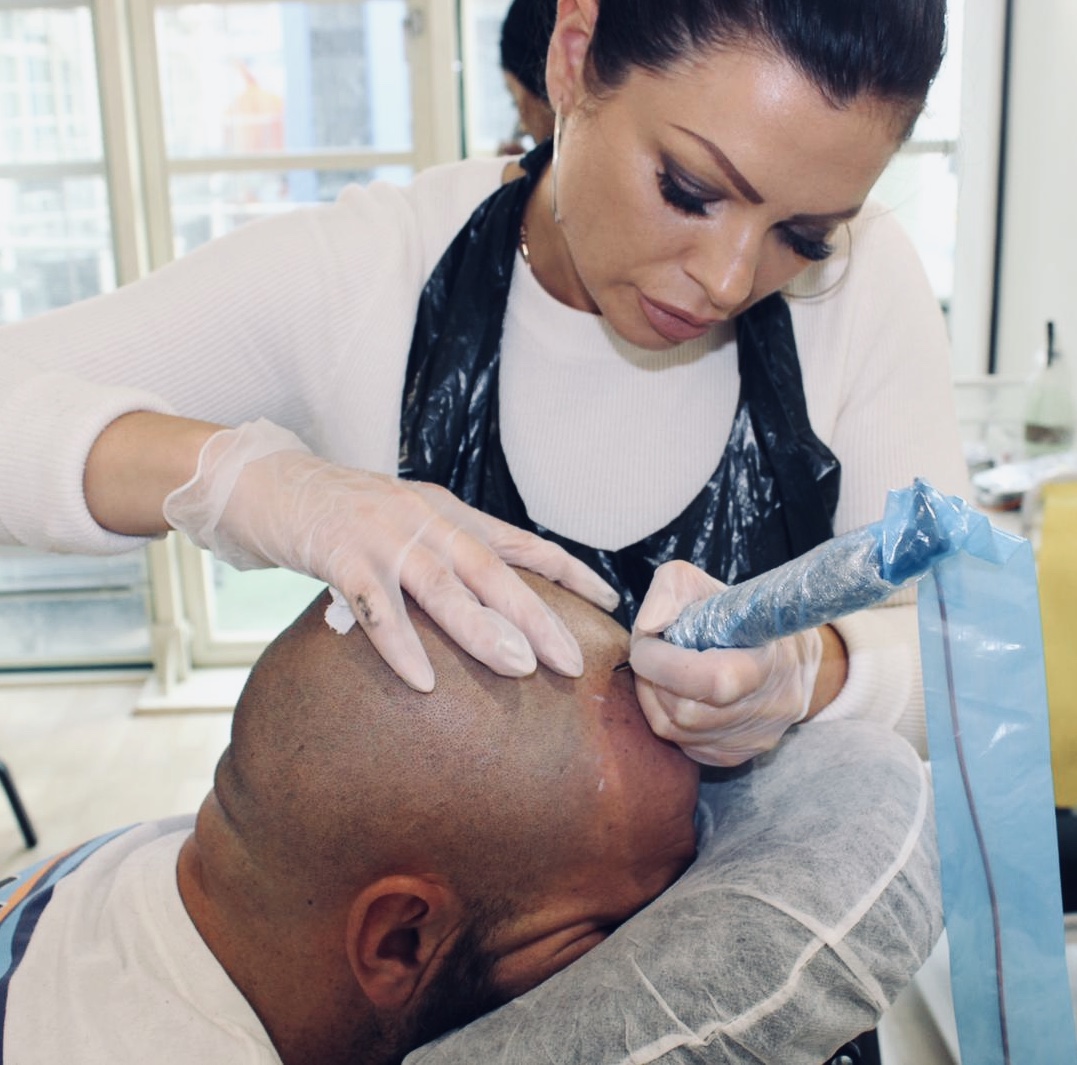 Scalp micro-pigmentation treatment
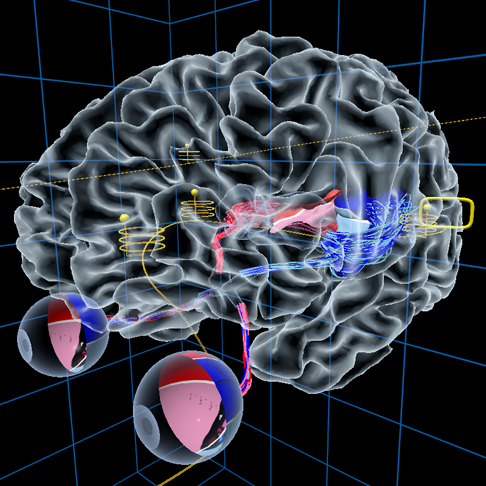 UW Virtual Brain Project™ 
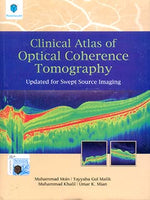 Load image into Gallery viewer, Clinical Atlas of Optical Coherence Tomography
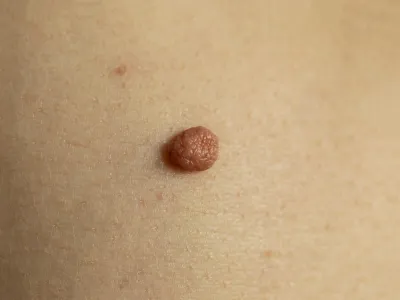 الشامات المُركبة (Compound nevi)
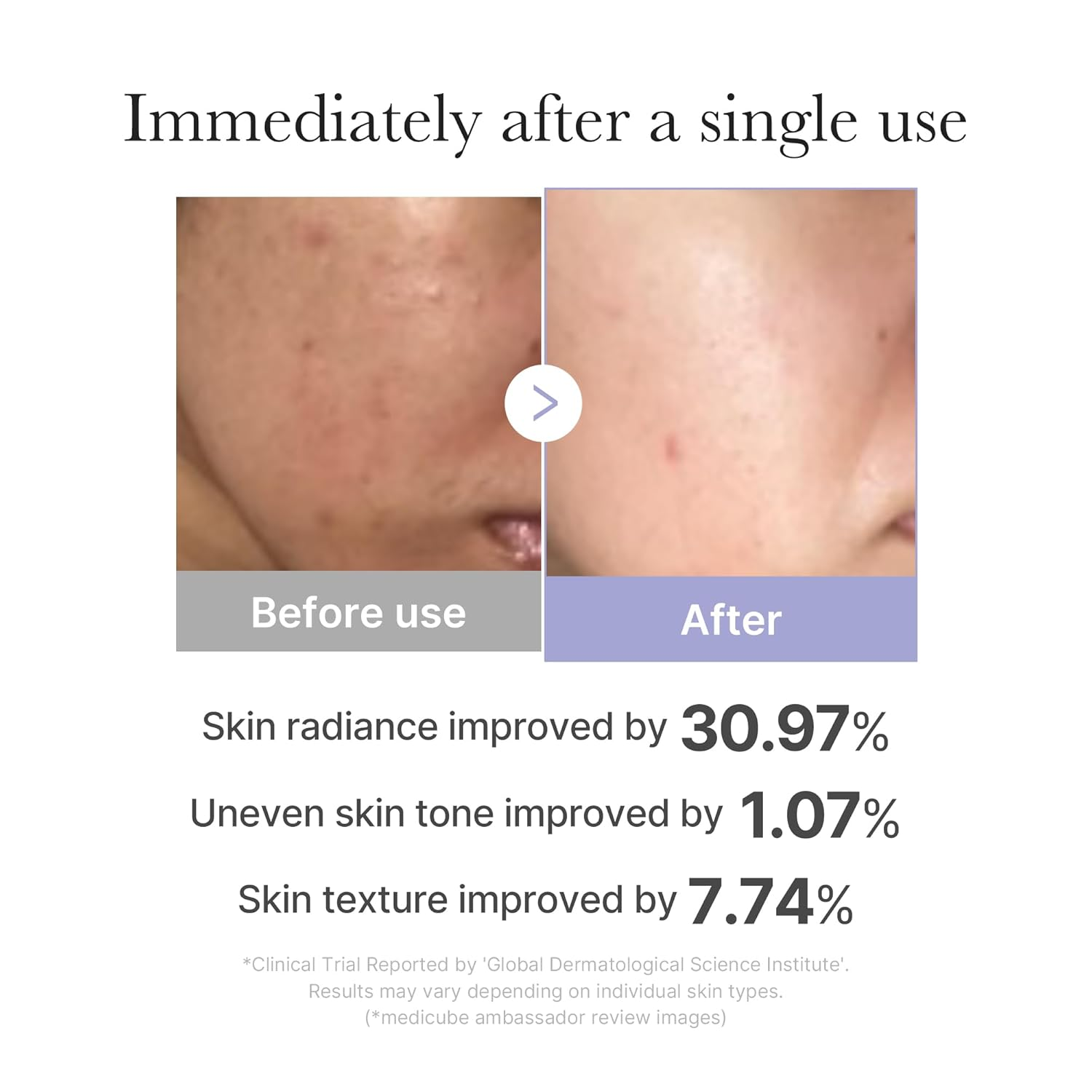 before and after comparison of skin radiance, tone and texture.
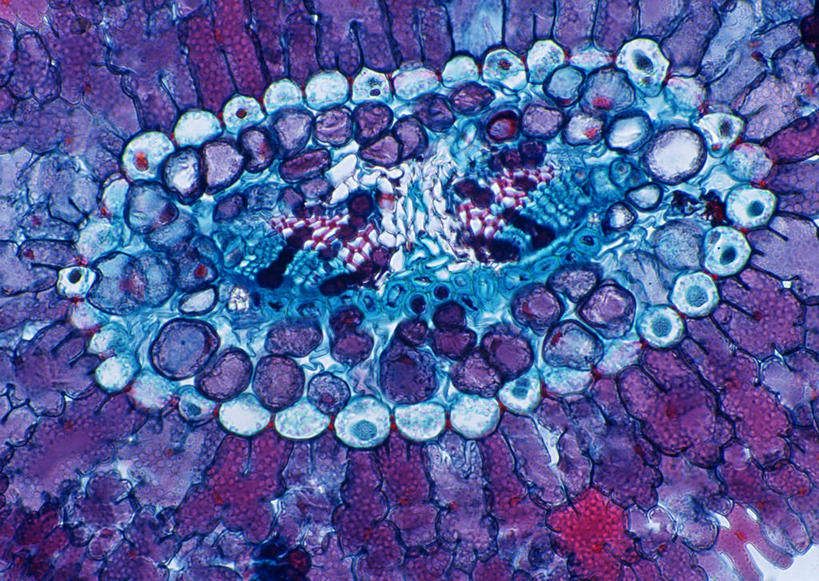 无人,横图,室内,特写,白天,正面,神秘,微生物,阴影,反射,科学,医学,细胞,影子,紫色,生物学,优美,庄重,高贵,消极,冷色,显微图片,自然科学,博物学,生物科学,孤寂,彩图,奢华
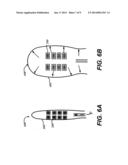 BALLOON SIZING DEVICE AND METHOD OF POSITIONING A PROSTHETIC HEART VALVE diagram and image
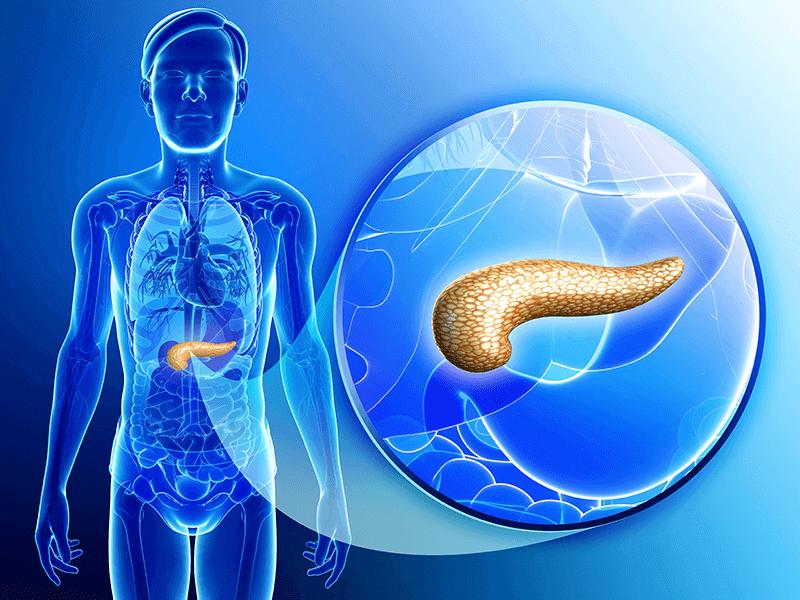 acute pancreatitis classification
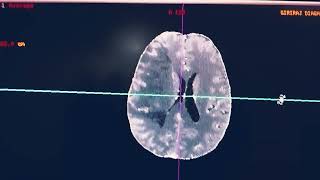 CT Brain perfusion on GE workstation full detailed explanation [upl. by Kopaz]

====

◆ WORK INSTRUCTION
Only an exact copy of the lines from the one with "BALLOON SIZING DEVICE" through the last line of the data above is wanted, and no pictures.

◆ SOLVED EXERCISE
 BALLOON SIZING DEVICE AND METHOD OF POSITIONING A PROSTHETIC HEART VALVE diagram and image
 acute pancreatitis classification
 CT Brain perfusion on GE workstation full detailed explanation [upl. by Kopaz]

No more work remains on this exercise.